Antonella aveva 10 anni, viveva a Palermo ed è stata trovata senza vita dai suoi genitori in bagno con la cintura dell’accappatoio intorno al collo. Il sospetto è che la piccola volesse partecipare a una challenge sul social Tik Tok, una sorta di gara di resistenza al soffocamento. Il cellulare della bambina era vicino al corpo e gli inquirenti che indagano  a carico di ignoti per istigazione al suicidio hanno deciso che lo esamineranno.
Così, mentre apprendiamo che Antonella salverà 4 bambini grazie all’espianto dei suoi organi voluto dai genitori, si fa acceso il dibattito sulla sicurezza dei social per i minori.

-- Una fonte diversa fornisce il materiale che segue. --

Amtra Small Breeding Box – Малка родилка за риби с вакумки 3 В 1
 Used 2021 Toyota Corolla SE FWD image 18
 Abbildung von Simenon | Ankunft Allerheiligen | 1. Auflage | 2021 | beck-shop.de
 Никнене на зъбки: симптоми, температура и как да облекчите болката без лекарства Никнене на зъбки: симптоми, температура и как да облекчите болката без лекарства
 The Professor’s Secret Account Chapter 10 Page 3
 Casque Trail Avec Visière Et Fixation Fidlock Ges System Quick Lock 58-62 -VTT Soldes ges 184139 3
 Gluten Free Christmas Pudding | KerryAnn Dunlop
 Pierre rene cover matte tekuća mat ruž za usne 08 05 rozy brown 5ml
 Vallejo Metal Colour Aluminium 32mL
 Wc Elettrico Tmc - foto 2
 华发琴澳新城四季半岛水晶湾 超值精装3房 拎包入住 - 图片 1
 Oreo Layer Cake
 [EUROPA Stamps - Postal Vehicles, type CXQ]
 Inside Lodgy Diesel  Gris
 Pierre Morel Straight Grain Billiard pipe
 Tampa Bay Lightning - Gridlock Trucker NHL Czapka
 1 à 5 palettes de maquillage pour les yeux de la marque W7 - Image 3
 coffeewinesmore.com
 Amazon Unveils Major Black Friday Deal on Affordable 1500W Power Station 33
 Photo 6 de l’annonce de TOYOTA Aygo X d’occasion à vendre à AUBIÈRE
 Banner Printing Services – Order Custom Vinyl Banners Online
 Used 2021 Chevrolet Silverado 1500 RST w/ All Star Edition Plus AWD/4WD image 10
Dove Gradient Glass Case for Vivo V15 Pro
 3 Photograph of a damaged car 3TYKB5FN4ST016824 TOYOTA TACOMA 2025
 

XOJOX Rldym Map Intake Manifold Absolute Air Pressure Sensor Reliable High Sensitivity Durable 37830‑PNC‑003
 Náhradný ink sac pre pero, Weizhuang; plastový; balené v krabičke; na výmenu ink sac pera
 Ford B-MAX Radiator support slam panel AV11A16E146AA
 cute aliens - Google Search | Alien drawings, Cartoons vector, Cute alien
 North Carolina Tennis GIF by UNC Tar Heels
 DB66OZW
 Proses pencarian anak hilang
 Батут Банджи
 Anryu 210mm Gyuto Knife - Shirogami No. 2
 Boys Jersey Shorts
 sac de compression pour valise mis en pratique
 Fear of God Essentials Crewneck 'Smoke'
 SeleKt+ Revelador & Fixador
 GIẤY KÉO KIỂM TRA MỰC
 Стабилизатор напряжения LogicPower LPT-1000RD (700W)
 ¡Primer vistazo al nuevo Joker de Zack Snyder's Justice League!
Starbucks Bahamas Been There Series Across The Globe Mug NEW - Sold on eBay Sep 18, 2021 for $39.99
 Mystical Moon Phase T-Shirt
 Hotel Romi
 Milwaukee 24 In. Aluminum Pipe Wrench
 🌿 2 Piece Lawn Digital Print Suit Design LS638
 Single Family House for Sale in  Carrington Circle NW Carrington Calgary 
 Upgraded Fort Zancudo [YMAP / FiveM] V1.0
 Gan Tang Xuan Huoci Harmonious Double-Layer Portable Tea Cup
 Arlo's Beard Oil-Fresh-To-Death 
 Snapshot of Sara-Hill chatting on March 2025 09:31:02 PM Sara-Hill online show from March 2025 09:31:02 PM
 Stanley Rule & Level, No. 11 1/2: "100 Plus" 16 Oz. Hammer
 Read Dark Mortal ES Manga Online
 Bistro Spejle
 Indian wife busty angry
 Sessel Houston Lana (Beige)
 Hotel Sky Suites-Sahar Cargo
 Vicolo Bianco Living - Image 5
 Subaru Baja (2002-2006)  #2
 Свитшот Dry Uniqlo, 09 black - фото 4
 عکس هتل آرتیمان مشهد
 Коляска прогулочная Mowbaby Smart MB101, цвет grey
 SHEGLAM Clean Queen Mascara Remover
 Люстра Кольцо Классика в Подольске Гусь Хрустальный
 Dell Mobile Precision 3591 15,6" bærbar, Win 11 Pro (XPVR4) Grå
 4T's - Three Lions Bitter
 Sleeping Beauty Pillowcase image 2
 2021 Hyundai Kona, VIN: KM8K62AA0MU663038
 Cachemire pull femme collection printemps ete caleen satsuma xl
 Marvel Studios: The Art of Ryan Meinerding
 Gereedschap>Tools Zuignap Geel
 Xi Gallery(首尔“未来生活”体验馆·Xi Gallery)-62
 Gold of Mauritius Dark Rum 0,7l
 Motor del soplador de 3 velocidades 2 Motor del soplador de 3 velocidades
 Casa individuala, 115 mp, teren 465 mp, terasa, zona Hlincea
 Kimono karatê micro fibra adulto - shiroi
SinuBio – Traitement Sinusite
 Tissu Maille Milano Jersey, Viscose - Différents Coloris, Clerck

Dalle dichiarazioni del papà di Antonella, Angelo Sicomero, si sa che la piccola aveva non uno ma più profili social, che quello era il suo mondo e, come ha raccontato, tra le lacrime, “Mi fidavo, non la controllavo”.
I parenti raccontano di Antonella come una bambina sempre solare, allegra, sì vanitosa come le sue coetanee che non si staccava mai dal cellulare e proprio da quel cellulare potrebbe essere arrivata “l’ispirazione” a compiere quel gesto che certo non aveva, a detta di chi la conosceva, altri motivi per compiere.
Così mentre tutti pensiamo alla tragedia e montano le preoccupazioni di genitori, tutori e insegnanti, così come quelle dei più piccoli inevitabilmente costretti a riflettere sulla vicenda, il garante della privacy ha bloccato tik tok in Italia fino al 15 febbraio.
La legge italiana vieta a chi abbia meno di 14 anni di accedere ai social, ma su Tik Tok il divieto è facilmente aggirabile: basta dichiarare una età falsa quando si compila il form per l’iscrizione.
Arriva intanto l’appello della polizia postale che parla per bocca di Nunzia Ciardi che guida proprio  la polizia postale e delle comunicazioni. Dice Ciardi: “Almeno fino ai 12 anni non lasciate i figli soli quando navigano in rete”.

Proprio su questo punto i genitori si confrontano: per molti è davvero oggettivamente difficile, tra codici e password,  accedere al cellulare dei figli. Controllare il cellulare significa non fidarsi? Ma forse significa anche non aver “seminato” bene, come dice sempre Nunzia Ciardi quando sostiene che dovremmo abituare i ragazzi al controllo fin da quando sono piccoli, da quando per le prime volte, intorno ai 4-6 anni, diamo loro un cellulare in mano per vedere il video del cartone preferito che però potrebbe nascondere pericolose insidie includendo immagini dannose per loro. Come già successo nel caso discusso  di Momo o Jonathan Galindo, altri mostri social che raggiungevano, non è mai stato capito come, il cellulare dei nostri figli.